Data for review:
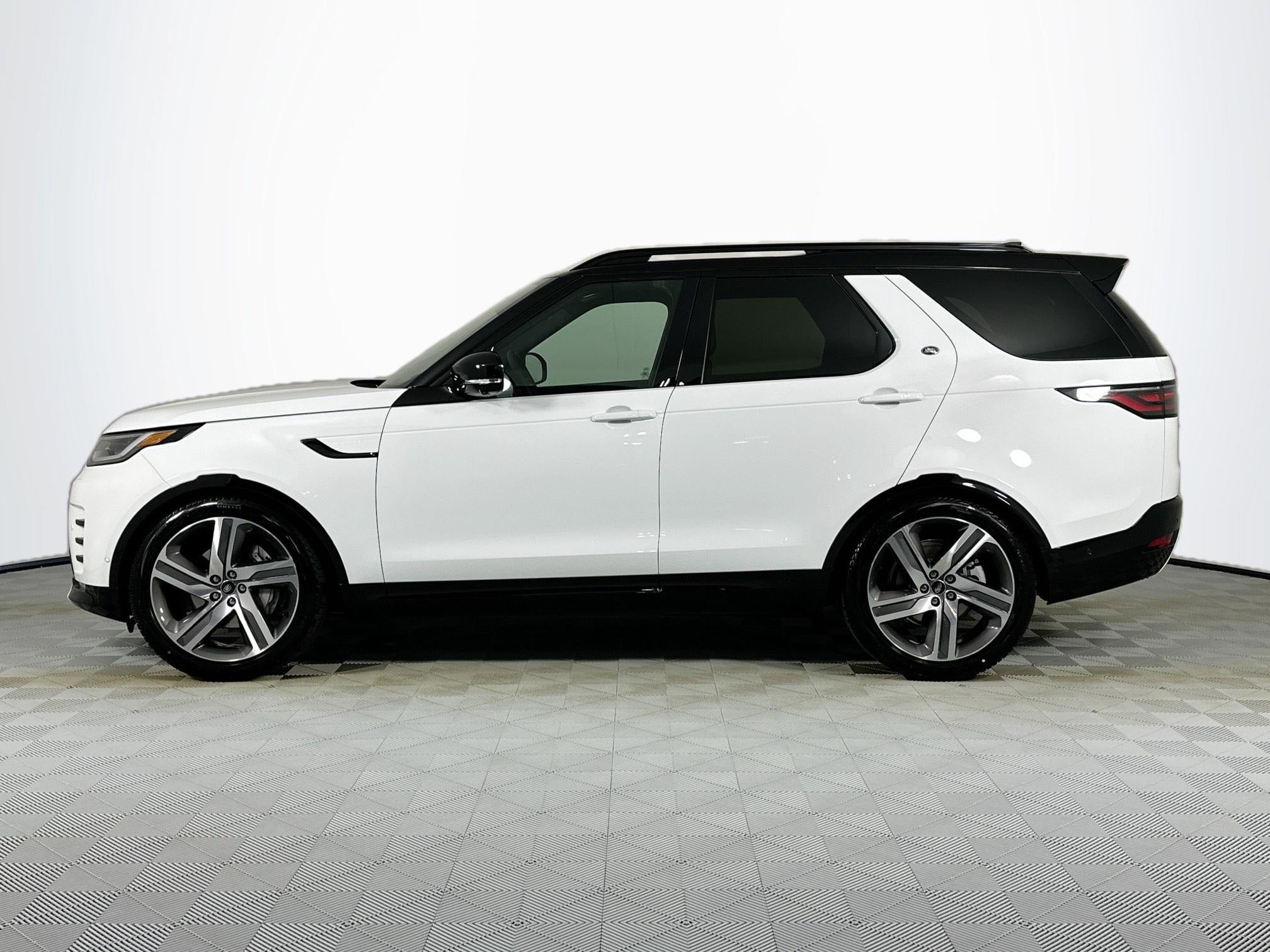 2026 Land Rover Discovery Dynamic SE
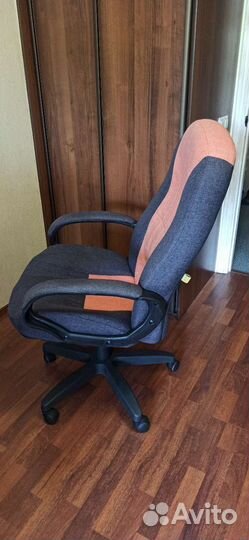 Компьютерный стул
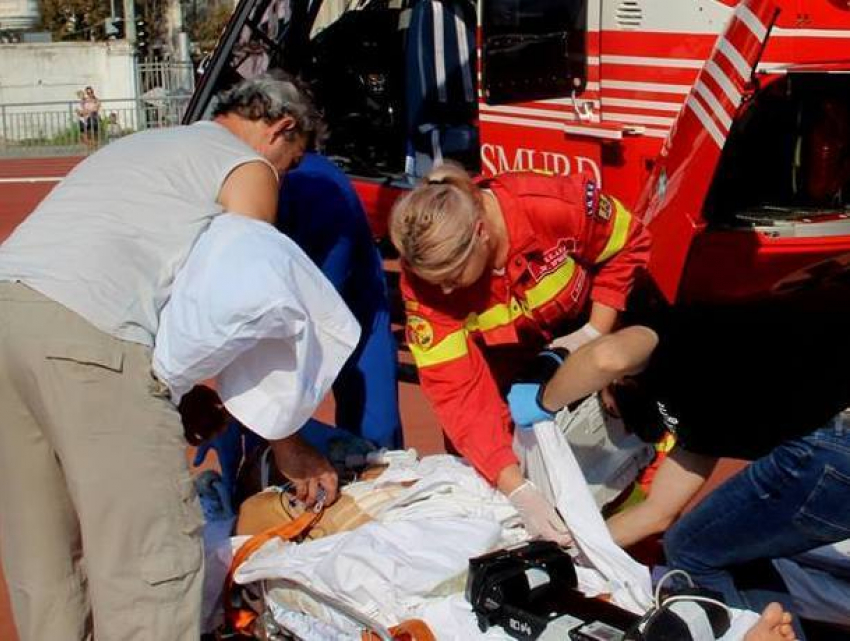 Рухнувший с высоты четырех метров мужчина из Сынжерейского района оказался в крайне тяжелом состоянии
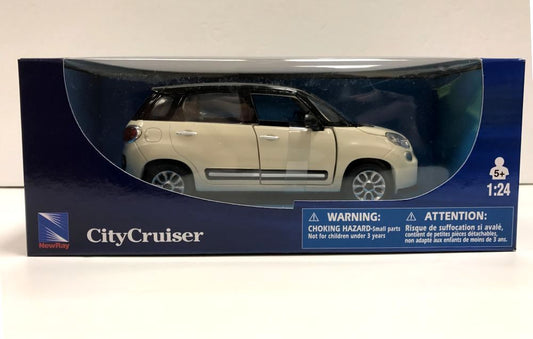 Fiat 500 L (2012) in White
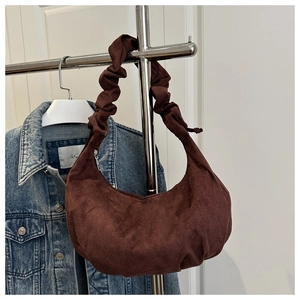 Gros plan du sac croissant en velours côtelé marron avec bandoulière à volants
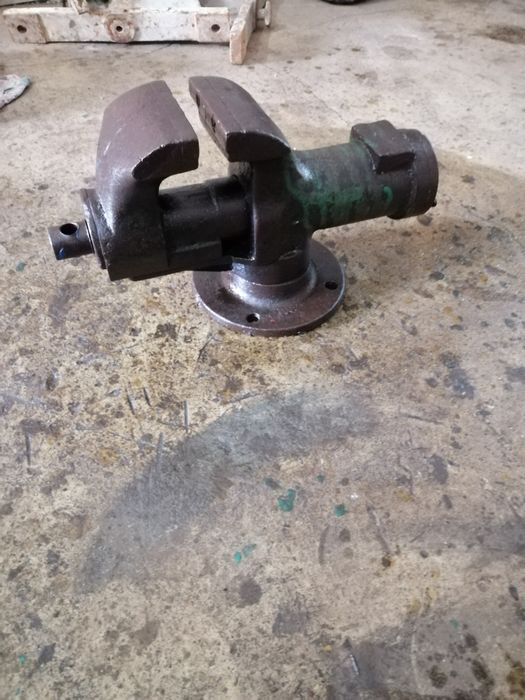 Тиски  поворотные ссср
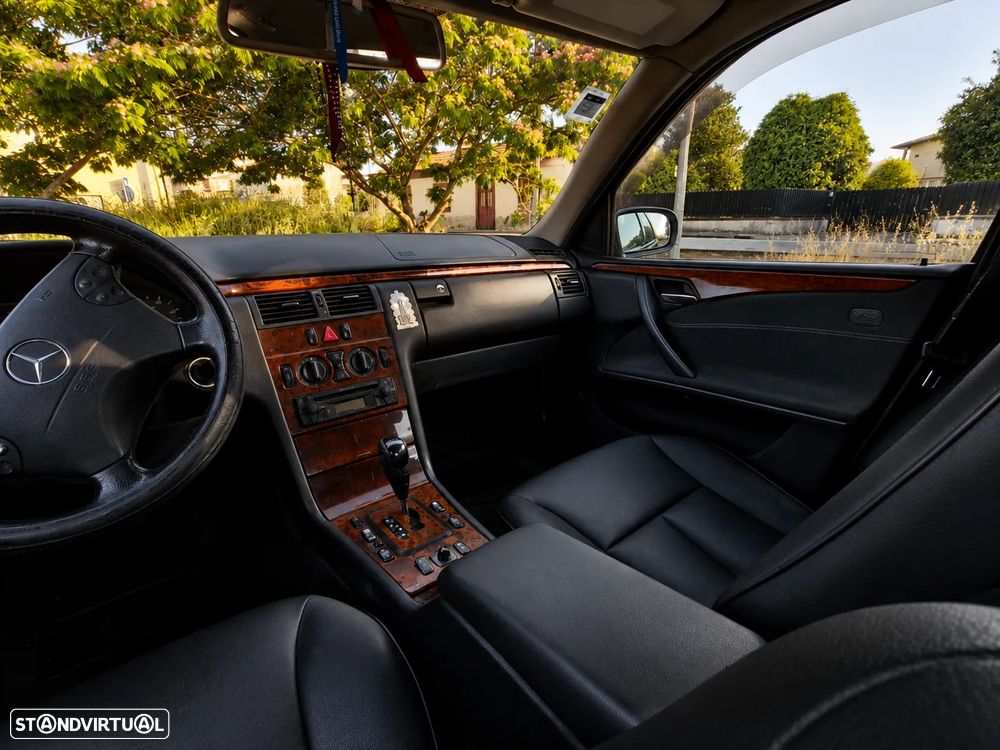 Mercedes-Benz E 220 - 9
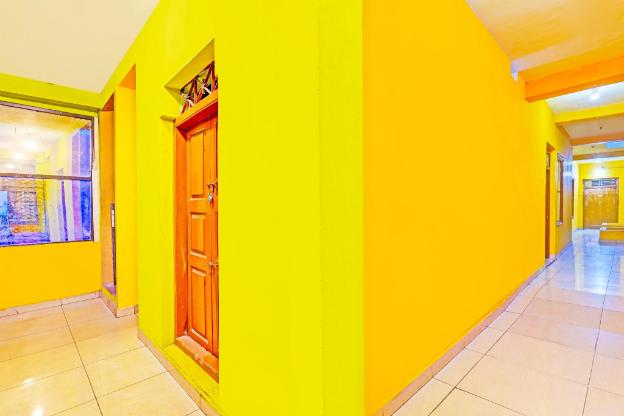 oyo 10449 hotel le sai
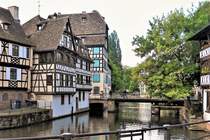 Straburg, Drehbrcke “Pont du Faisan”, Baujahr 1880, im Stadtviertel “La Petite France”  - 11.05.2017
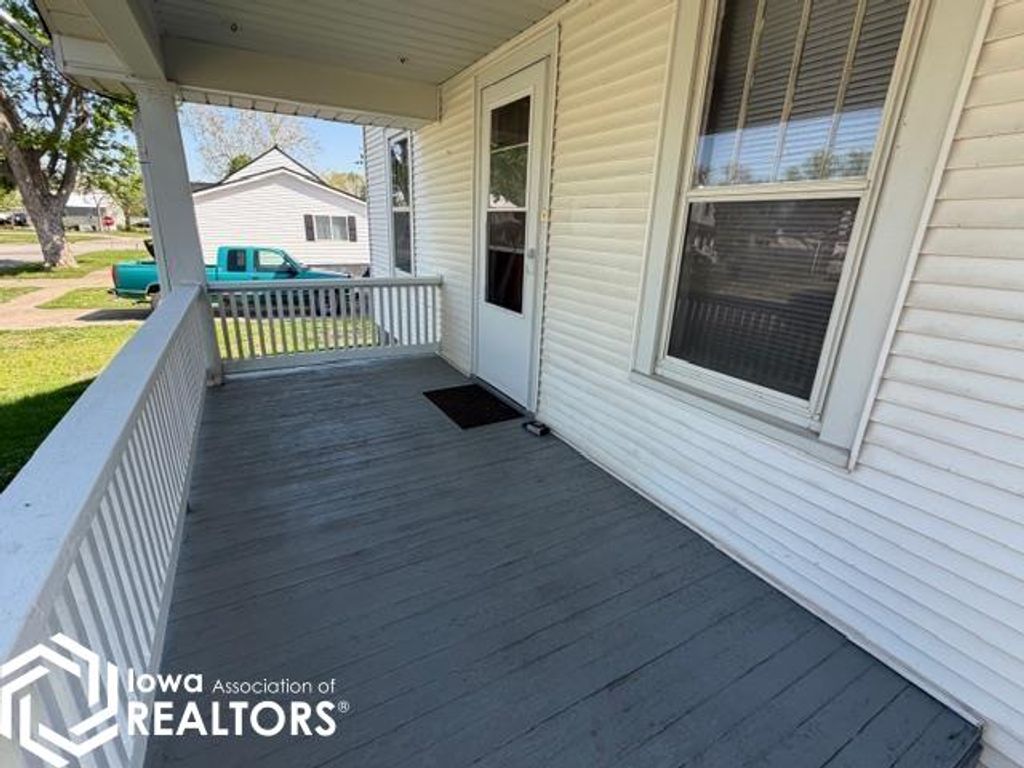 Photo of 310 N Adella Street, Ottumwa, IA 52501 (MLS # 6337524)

Exercise directions: Print exactly the lines from the one containing "Компьютерный стул" through the last line of the records, both included, and leave out the pictures.

Response to the exercise:
 Компьютерный стул
 Рухнувший с высоты четырех метров мужчина из Сынжерейского района оказался в крайне тяжелом состоянии
 Fiat 500 L (2012) in White
 Gros plan du sac croissant en velours côtelé marron avec bandoulière à volants
 Тиски  поворотные ссср
 Mercedes-Benz E 220 - 9
 oyo 10449 hotel le sai
 Straburg, Drehbrcke “Pont du Faisan”, Baujahr 1880, im Stadtviertel “La Petite France”  - 11.05.2017
 Photo of 310 N Adella Street, Ottumwa, IA 52501 (MLS # 6337524)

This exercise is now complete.